### Exercise details:
Retype the lines below exactly, from the one that contains "modern wall shelving with designer chair" through the last, and leave every picture out.

### Given material:

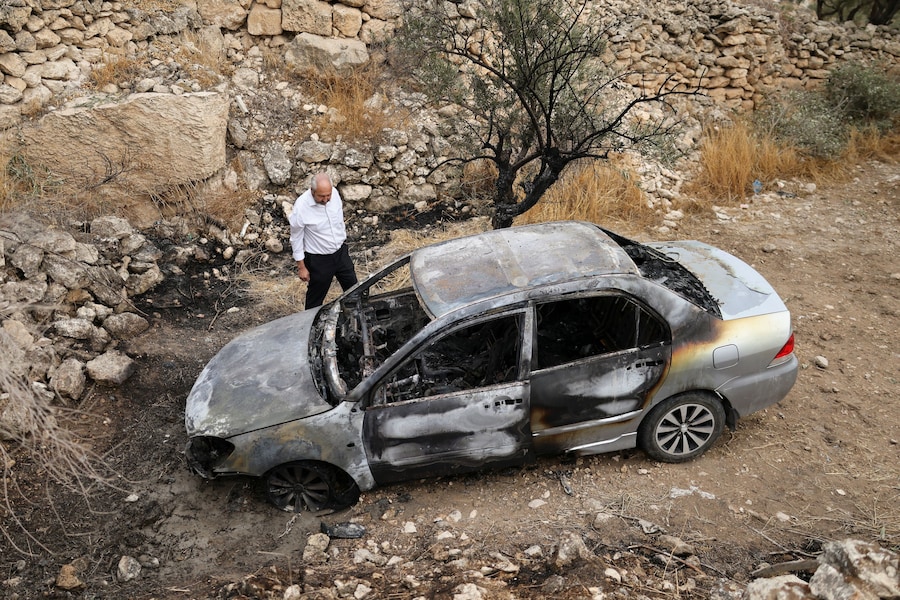 Un palestinese ispeziona un'auto danneggiata, che secondo i palestinesi sarebbe stata incendiata dai coloni israeliani, a Mukhmas, nei pressi di Ramallah, nella Cisgiordania occupata da Israele (REUTERS)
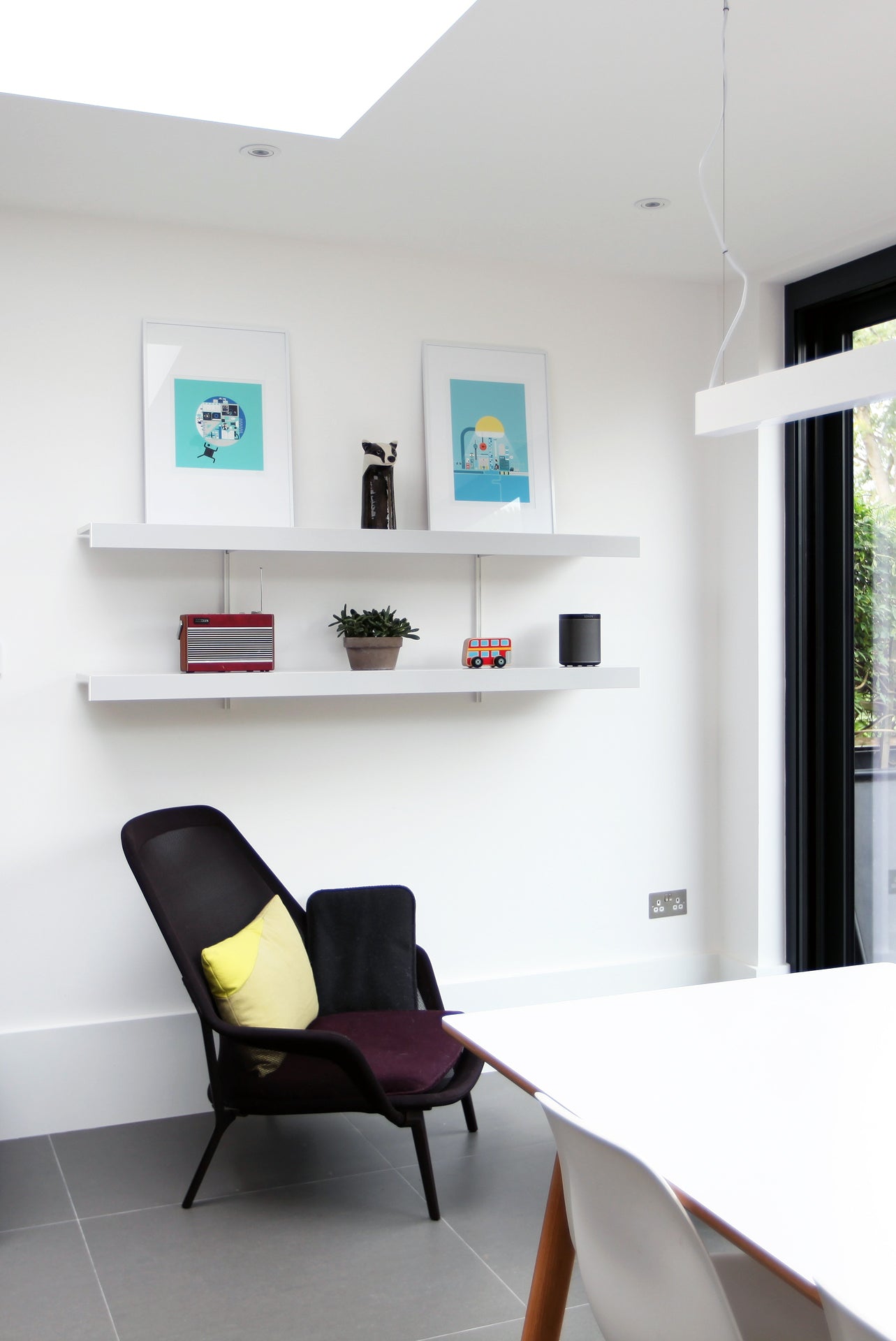 modern wall shelving with designer chair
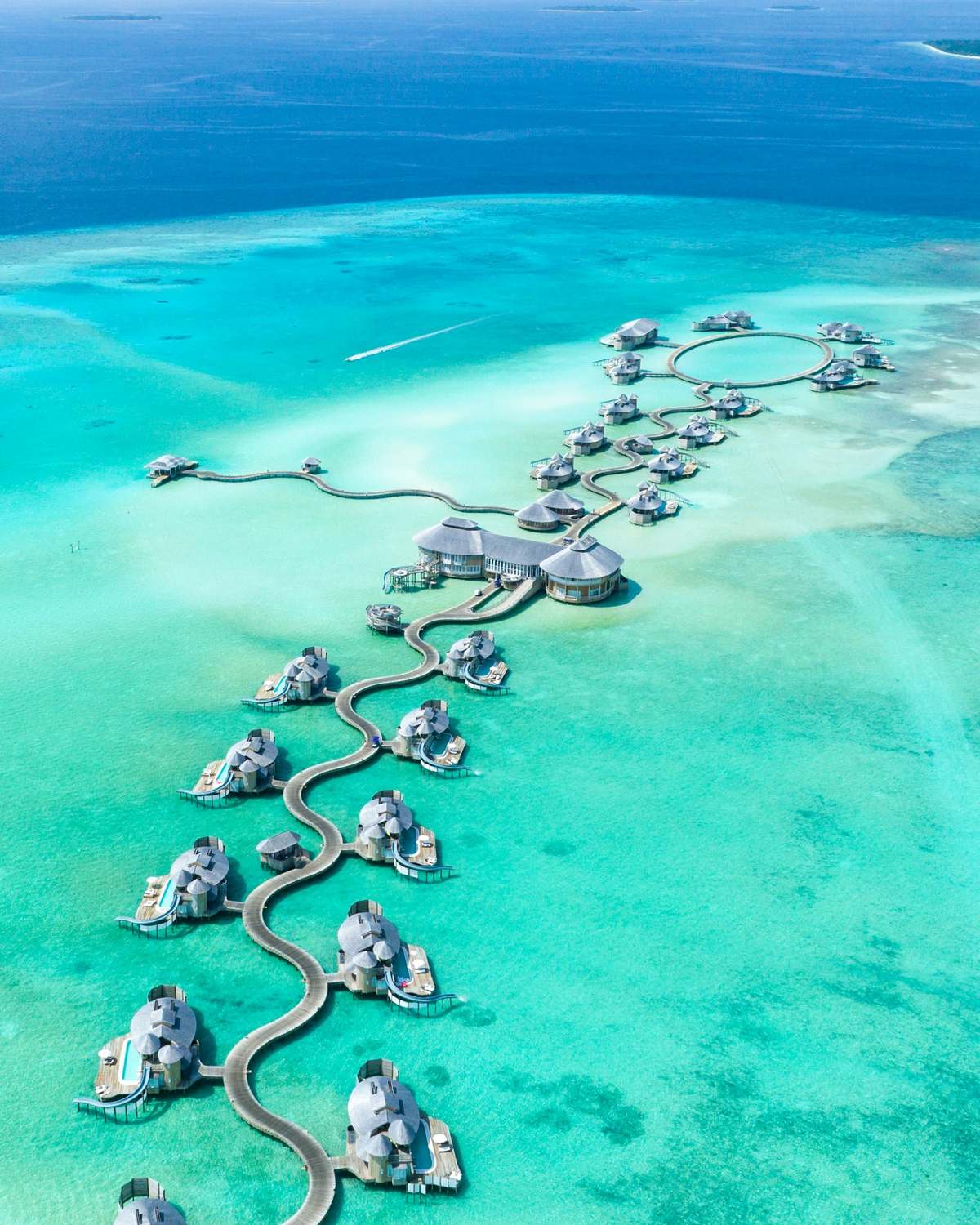 Overwater villas on a turquoise lagoon, seen from above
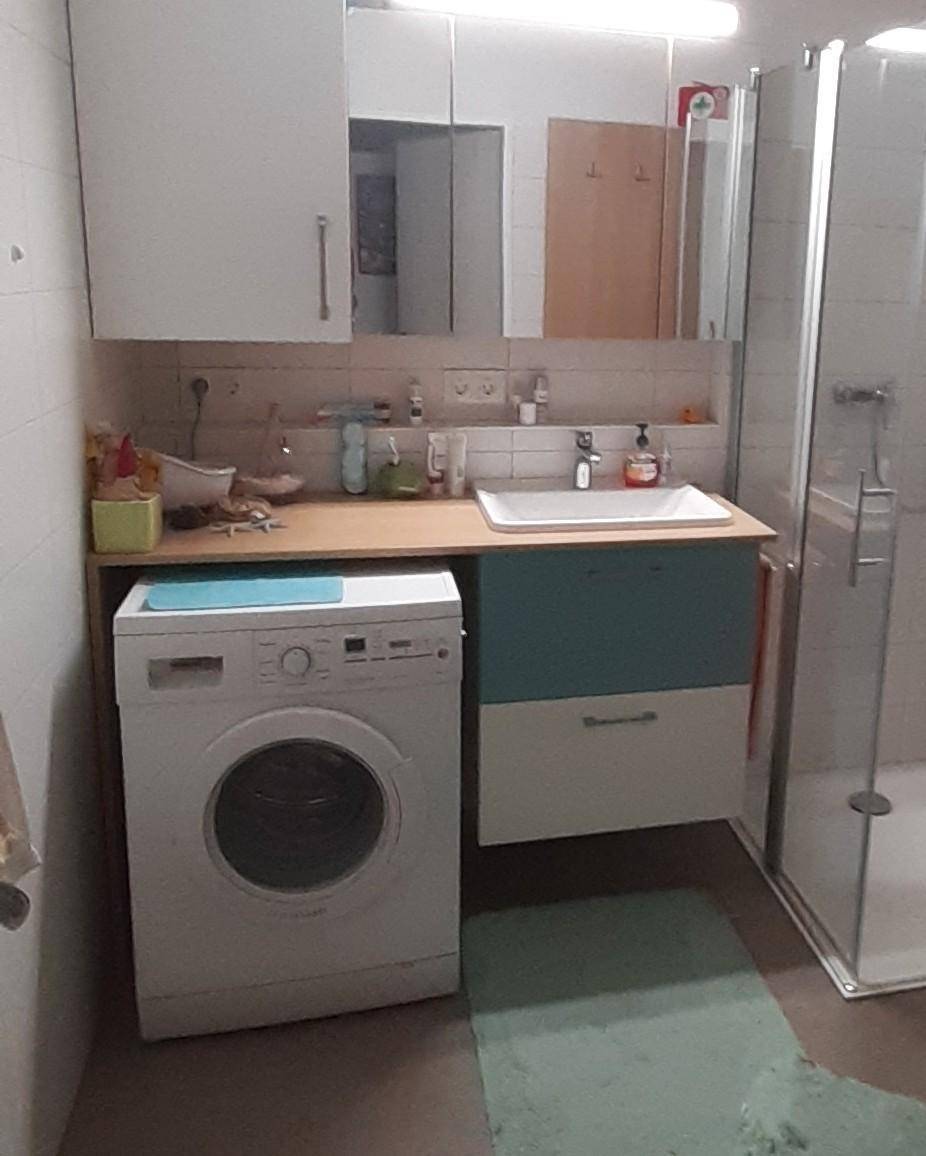 Badezimmer mit Waschbecken, Spiegelschrank, Duschkabine und einer integrierten Waschmaschine.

### Result for this exercise:
 modern wall shelving with designer chair
 Overwater villas on a turquoise lagoon, seen from above
 Badezimmer mit Waschbecken, Spiegelschrank, Duschkabine und einer integrierten Waschmaschine.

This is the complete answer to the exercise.